_weighted_percentile does not lead to the same result than np.median

[glemaitre]

While reviewing a test in #16937, it appears that our implementation of _weighted_percentile with unit sample_weight will lead to a different result than np.median which is a bit problematic for consistency.

In the gradient-boosting, it brakes the loss equivalence because the initial predictions are different. We could bypass this issue by always computing the median using _weighted_percentile there.

import pytest
import numpy as np
from sklearn.utils.stats import _weighted_percentile

rng = np.random.RandomState(42)
X = rng.randn(10)
X.sort()
sample_weight = np.ones(X.shape)

median_numpy = np.median(X)
median_numpy_percentile = np.percentile(X, 50)
median_sklearn = _weighted_percentile(X, sample_weight, percentile=50.0)

assert median_numpy == pytest.approx(np.mean(X[[4, 5]]))
assert median_sklearn == pytest.approx(X[4])
assert median_numpy == median_numpy_percentile
assert median_sklearn == pytest.approx(median_numpy)

[glemaitre]

ping @lucyleeow Since you already look at the code, you might have some intuition why this is the case. We should actually have the above test as a regression test for our _weighted_percentile

[glemaitre]

Does numpy interpolating while we just making a np.searchsorted?

[glemaitre]

yes numpy take np.mean(x, x+1) while we take x.

[glemaitre]

np.percentile is consistent with np.median

[glemaitre]

pinging @NicolasHug @adrinjalali @ogrisel Making thing consistent will impact the HistGradientBoosting* with the LAD loss.
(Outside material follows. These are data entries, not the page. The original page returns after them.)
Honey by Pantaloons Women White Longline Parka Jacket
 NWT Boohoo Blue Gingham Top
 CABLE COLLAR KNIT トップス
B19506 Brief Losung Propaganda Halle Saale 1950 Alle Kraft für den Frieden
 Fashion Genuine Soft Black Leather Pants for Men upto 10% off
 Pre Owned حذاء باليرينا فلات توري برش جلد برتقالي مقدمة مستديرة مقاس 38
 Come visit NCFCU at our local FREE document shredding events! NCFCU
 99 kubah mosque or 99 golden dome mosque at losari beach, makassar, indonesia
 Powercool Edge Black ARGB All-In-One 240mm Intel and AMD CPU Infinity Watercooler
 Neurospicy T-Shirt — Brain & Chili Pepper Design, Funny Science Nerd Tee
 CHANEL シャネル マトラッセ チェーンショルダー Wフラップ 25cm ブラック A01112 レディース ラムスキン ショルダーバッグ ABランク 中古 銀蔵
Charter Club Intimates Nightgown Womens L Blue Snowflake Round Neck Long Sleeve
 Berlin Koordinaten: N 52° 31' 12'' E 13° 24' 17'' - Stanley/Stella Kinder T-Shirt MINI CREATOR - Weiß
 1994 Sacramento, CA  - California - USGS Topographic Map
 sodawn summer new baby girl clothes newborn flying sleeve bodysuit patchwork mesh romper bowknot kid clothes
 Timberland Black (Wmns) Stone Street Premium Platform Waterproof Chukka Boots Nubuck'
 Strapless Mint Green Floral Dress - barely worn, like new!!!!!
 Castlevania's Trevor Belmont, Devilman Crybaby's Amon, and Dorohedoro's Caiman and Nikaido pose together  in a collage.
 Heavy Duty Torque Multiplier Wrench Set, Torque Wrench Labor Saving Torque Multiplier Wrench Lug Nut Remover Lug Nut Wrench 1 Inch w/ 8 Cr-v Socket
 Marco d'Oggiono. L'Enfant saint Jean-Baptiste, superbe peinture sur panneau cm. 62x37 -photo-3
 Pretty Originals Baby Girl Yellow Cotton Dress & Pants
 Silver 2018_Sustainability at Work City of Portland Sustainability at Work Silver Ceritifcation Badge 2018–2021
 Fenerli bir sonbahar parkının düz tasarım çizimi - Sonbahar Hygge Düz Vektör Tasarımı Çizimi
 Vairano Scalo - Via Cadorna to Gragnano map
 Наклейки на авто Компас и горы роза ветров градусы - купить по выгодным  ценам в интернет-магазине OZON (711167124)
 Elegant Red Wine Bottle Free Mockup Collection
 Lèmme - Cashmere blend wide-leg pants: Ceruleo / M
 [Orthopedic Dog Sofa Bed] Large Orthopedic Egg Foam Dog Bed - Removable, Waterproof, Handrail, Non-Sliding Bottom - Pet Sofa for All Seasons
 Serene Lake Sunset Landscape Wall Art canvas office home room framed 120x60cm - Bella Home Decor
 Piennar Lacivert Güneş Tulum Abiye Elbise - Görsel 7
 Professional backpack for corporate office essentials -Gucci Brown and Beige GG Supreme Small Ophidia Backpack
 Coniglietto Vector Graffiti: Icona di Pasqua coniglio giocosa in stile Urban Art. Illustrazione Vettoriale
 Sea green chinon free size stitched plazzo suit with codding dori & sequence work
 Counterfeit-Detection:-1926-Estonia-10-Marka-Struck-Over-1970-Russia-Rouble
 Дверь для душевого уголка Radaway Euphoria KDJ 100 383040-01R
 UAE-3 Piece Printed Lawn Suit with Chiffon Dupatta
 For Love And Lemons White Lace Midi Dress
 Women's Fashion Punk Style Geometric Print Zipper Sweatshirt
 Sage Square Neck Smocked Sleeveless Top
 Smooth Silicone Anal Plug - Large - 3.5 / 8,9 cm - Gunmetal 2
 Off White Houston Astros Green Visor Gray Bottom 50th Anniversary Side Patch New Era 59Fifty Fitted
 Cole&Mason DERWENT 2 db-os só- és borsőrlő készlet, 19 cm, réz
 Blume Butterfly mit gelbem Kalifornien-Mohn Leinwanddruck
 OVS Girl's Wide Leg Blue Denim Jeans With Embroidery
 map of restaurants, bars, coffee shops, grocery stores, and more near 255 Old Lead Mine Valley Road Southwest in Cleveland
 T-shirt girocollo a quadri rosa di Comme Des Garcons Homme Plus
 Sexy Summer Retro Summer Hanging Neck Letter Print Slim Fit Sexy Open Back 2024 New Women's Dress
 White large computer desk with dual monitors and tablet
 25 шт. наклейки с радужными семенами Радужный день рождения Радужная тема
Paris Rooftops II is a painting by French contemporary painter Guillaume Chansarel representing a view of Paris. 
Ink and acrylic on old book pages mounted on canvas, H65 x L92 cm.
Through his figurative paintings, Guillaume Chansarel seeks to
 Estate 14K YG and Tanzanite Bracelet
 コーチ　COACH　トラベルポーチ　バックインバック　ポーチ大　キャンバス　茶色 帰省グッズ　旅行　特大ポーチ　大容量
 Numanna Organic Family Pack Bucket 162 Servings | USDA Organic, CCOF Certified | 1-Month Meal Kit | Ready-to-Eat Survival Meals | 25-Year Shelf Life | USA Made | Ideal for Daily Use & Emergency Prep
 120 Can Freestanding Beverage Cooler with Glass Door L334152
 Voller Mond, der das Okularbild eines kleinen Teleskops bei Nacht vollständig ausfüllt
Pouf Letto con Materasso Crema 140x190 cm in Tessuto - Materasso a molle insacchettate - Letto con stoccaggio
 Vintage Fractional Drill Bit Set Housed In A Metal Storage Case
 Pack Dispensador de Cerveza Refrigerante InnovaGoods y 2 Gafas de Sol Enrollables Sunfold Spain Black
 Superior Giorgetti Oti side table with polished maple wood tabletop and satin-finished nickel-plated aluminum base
Would be interesting to make the change and see which tests are breaking.

[lucyleeow]

For np.median, if n is odd, the median is the middle value (after sorting) and if n is odd it is the average of the 2 middle values.

We take 'lower' percentile, as we use the default parameter np.searchsorted(side='left'). Thus when n is even, _weighted_percentile is not the same as np.median for unit weights. It is the same when n is odd.

We could amend _weighted_percentile to use interpolated median, described well here: #6217 (comment) (I have an implementation of this already, as I didn't realise _weighted_percentile existed). This implementation means that np.median always gives the same result with unit weights.

In the end, I think the difference between 'lower' weighted percentile and interpolated weighted percentile would generally be small for large n sizes. Though, I guess the difference between the '2 middle values' would also affect the how different they are.

[lucyleeow]

For np.percentile, you can select how it is calculated with parameter:

interpolation{‘linear’, ‘lower’, ‘higher’, ‘midpoint’, ‘nearest’}

default is 'linear', thus performs the same as np.median

[glemaitre]

I think that our _weighted_precentile should offer the same default and maybe an interpolation parameter if required.

[lucyleeow]

linear = linear interpolation.

[lorentzenchr]

Our _weighted_precentile implements method inverted_cdf. It is important to note that quantiles are interval valued quantities. Out of that interval, one is free to choose any value. On top of that, different sample estimations exist. So we are well within statistical uncertainty.

np.median says

Given a vector V of length N, the median of V is the middle value of a sorted copy of V, V_sorted - i e., V_sorted[(N-1)/2], when N is odd, and the average of the two middle values of V_sorted when N is even.

I do not know how to generalize this to account for sample weights. Therefore closing.